Participants of the World Economic Forum in the Swiss resort of Davos on Wednesday shared their opinions about collaboration and separate activity in the frameworks of global crisis overcoming.
French president Nicolas Sarkozy urged countries to respon to the demand for protection, justice and fairness through cooperation, regulation and governance, or "we will have isolation and protectionism."
"The signs of recovery that seem to herald the end of the global recession should not encourage us to be less daring; rather, we must be even bolder"
"We will continue to make the economy run unbearable risks, encourage speculation and sacrifice the long term to the short term unless we change banking regulation, prudential rules and accounting rules."

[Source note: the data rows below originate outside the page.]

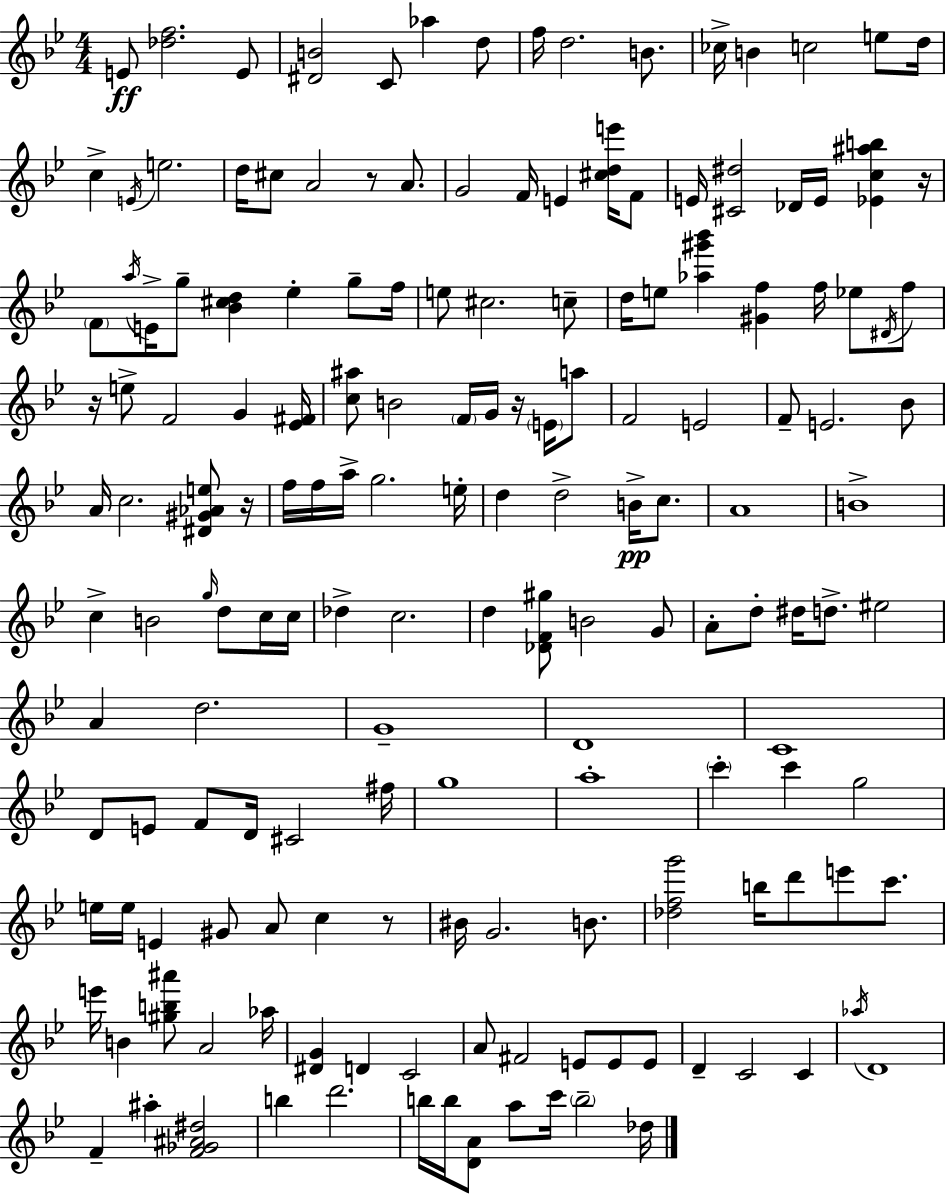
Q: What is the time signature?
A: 4/4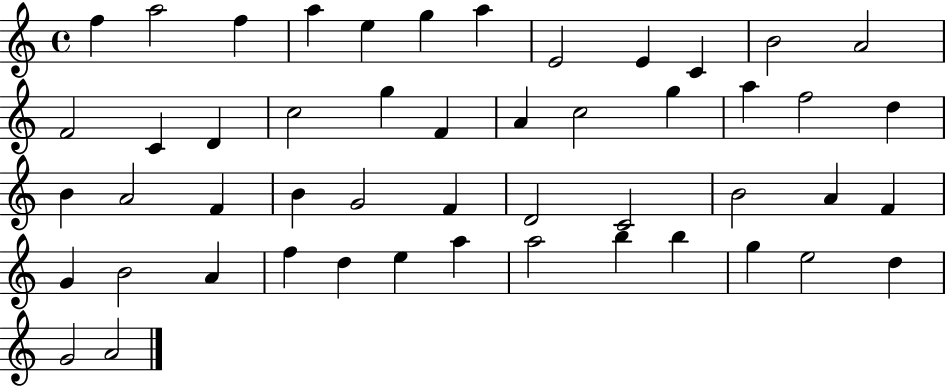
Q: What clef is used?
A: treble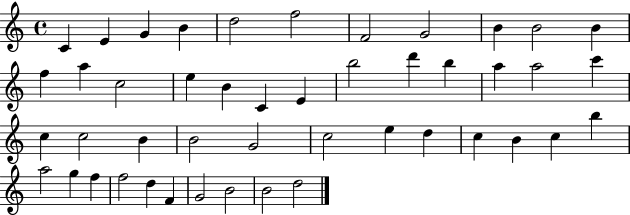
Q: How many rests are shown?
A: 0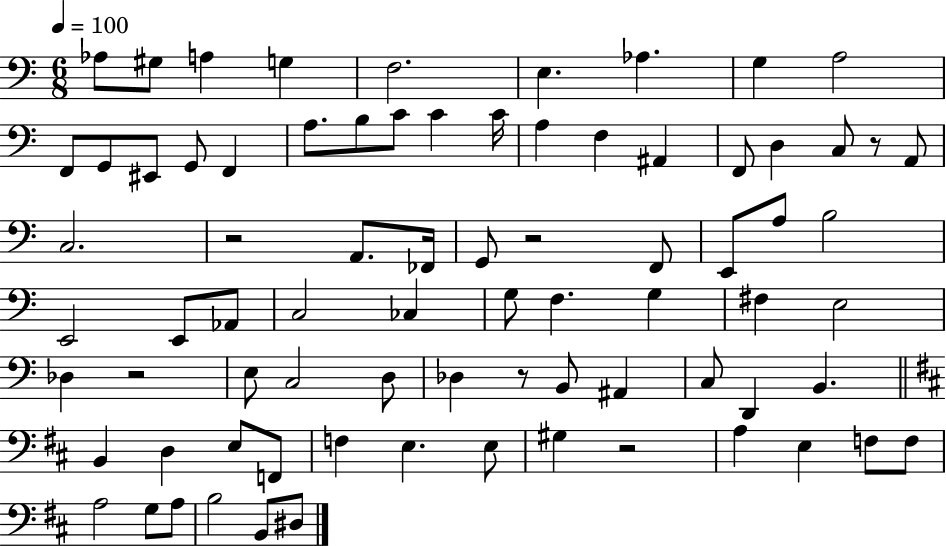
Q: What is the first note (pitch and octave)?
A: Ab3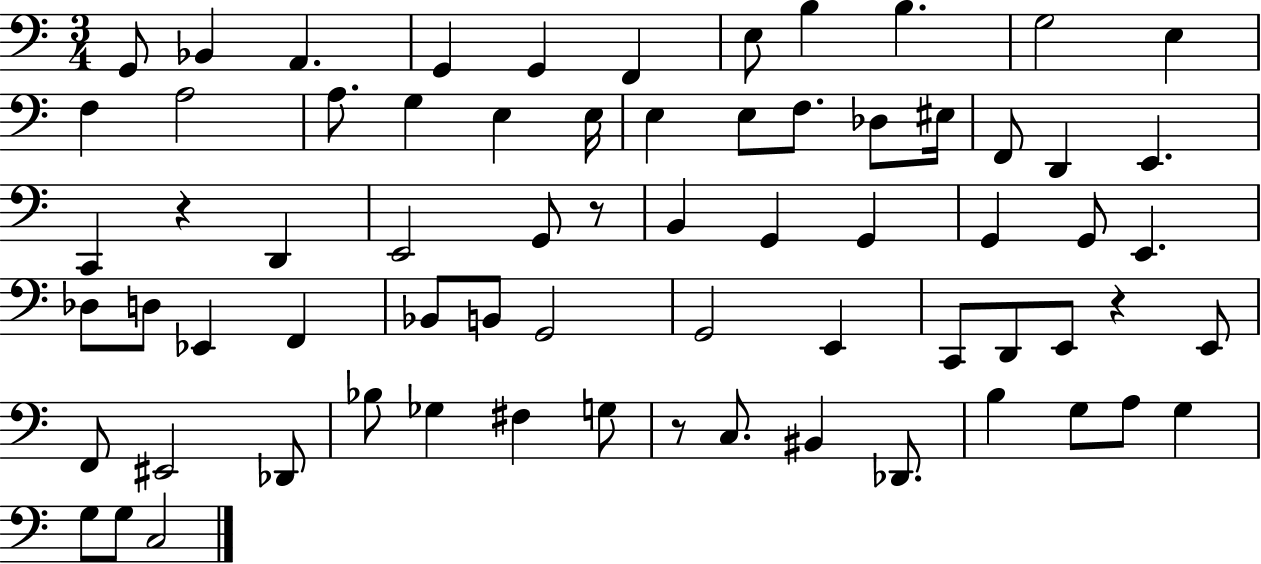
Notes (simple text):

G2/e Bb2/q A2/q. G2/q G2/q F2/q E3/e B3/q B3/q. G3/h E3/q F3/q A3/h A3/e. G3/q E3/q E3/s E3/q E3/e F3/e. Db3/e EIS3/s F2/e D2/q E2/q. C2/q R/q D2/q E2/h G2/e R/e B2/q G2/q G2/q G2/q G2/e E2/q. Db3/e D3/e Eb2/q F2/q Bb2/e B2/e G2/h G2/h E2/q C2/e D2/e E2/e R/q E2/e F2/e EIS2/h Db2/e Bb3/e Gb3/q F#3/q G3/e R/e C3/e. BIS2/q Db2/e. B3/q G3/e A3/e G3/q G3/e G3/e C3/h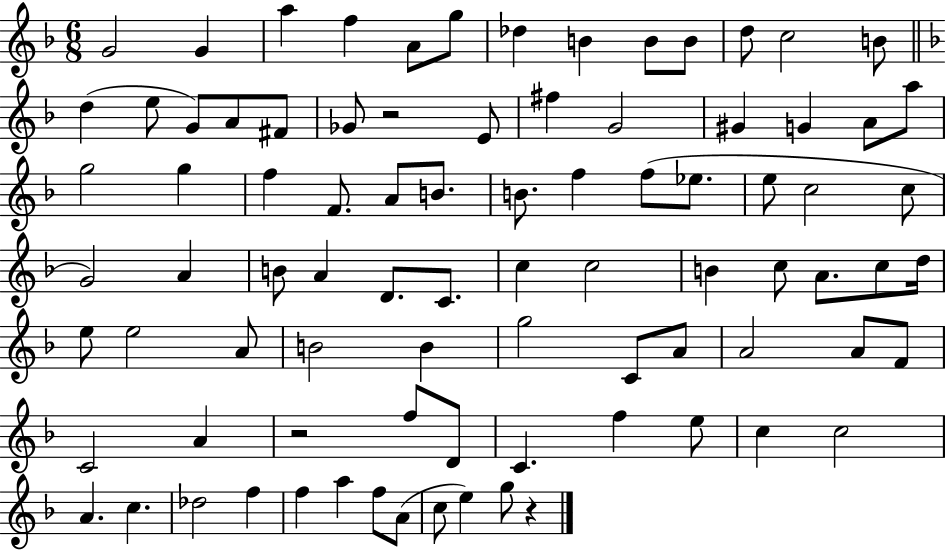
X:1
T:Untitled
M:6/8
L:1/4
K:F
G2 G a f A/2 g/2 _d B B/2 B/2 d/2 c2 B/2 d e/2 G/2 A/2 ^F/2 _G/2 z2 E/2 ^f G2 ^G G A/2 a/2 g2 g f F/2 A/2 B/2 B/2 f f/2 _e/2 e/2 c2 c/2 G2 A B/2 A D/2 C/2 c c2 B c/2 A/2 c/2 d/4 e/2 e2 A/2 B2 B g2 C/2 A/2 A2 A/2 F/2 C2 A z2 f/2 D/2 C f e/2 c c2 A c _d2 f f a f/2 A/2 c/2 e g/2 z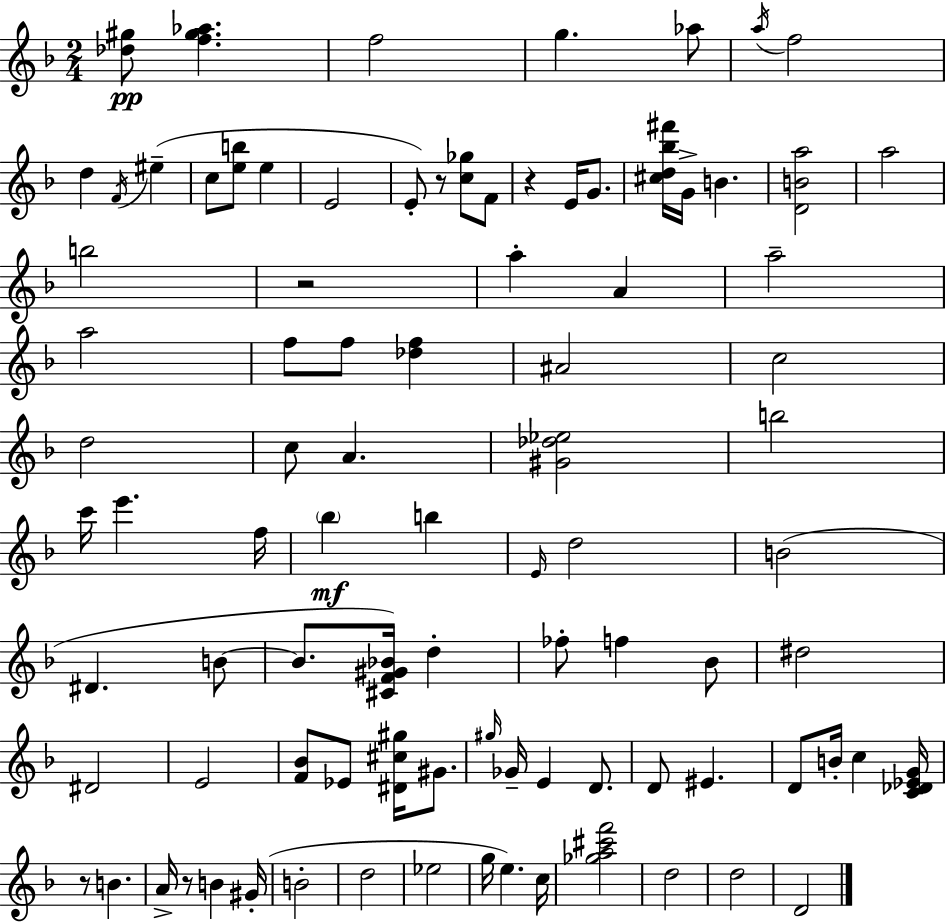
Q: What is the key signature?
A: D minor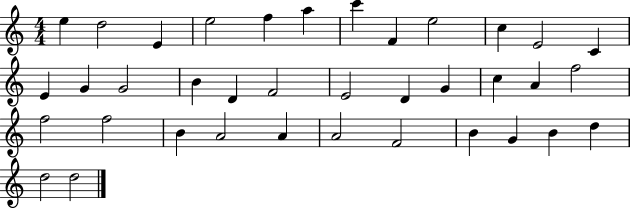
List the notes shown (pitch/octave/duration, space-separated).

E5/q D5/h E4/q E5/h F5/q A5/q C6/q F4/q E5/h C5/q E4/h C4/q E4/q G4/q G4/h B4/q D4/q F4/h E4/h D4/q G4/q C5/q A4/q F5/h F5/h F5/h B4/q A4/h A4/q A4/h F4/h B4/q G4/q B4/q D5/q D5/h D5/h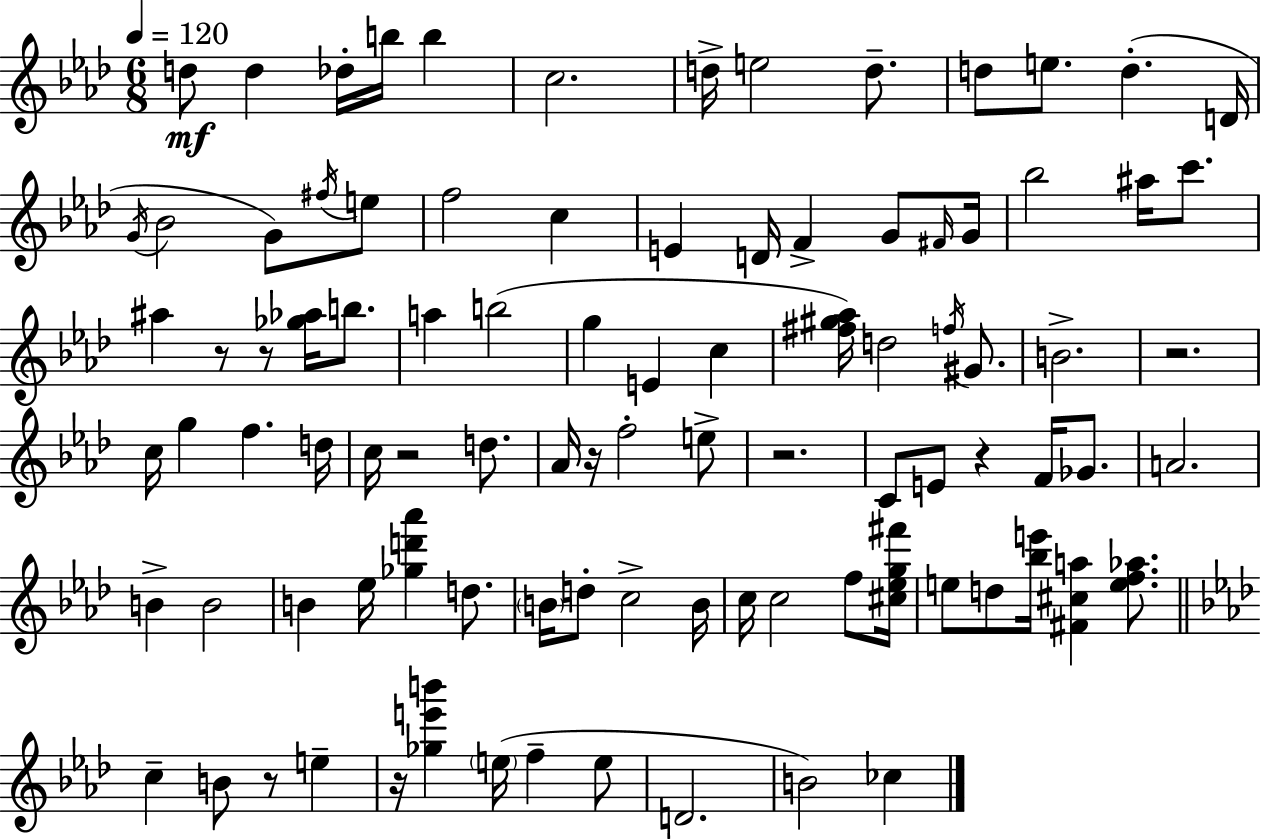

"We must take care to prevent too abrupt a tightening that would result in global collapse."
The Chairman of JP Morgan Chase International, Jacob Frankel joined him:
"We are falling to the trap of excessive interventionism, excessive protectionism. Money policy cannot do anything anymore. Interest rates are zero. Debt is increasing. This might stifle growth. Danger is, with excessive zeal to protect us all from debt crisis, governments will overly activist. Free trade is a win-win proposition."
Zhu Min, Deputy Governor of People's Bank of China elaborated:
"Risk for sovereign debt crisis is real."
"If you are looking further, the current economic rebound is very weak, it's supported by government expenditure. We don't see a very strong growth engine behind the whole thing in the whole world. Soft landing, government stimuli (driven) rebound growth and landing in self sustainable growth. Even if we (have) soft landing, we need to land to structural economic growth. There is no guarantee everyone will be able to do soft landing. That's potential risk for the global economy today. The U.S. and Europe have around 10 percent of the unemployment rate.....
"It's (the financial sector) still very fragile. Balance mismatching is still a big issue. Obviously more regulation is deserved...."
"The real risk for the global economy is capital flow. Carry trade for dollar is a massive issue today. It causes huge volatility.
It's every important to have stable yuan. It's absolutely important that having stable yuan is good for China and good for the world."
Losef Ackermann, Ceo, Deutsche bank "There are some uncertainties about asset inflation, about commercial real estate in some part of the world, sovereign risk and certainly some of the global imbalances.
"We will continue to grow but at a more modest pace, on the global scale... you will see strong growth in the emerging economies...
"We should not underestimate the fact that we are in a transforming phase in the world economy."
Among others reporters also cited a governing council member, European Central Bank, Alex Weber's speech:
"We have to do monetary policy for the (monetary) union as a whole... we cannot take into our decisions developments in certain parts."
"We don't expect inflation to significantly surpass 2 percent, so what we are seeing is in line with our definition of price stability and on that end, I am not concerned," Weber told reporters. "We think rates are appropriate at the time."
Reuters has contributed to the report.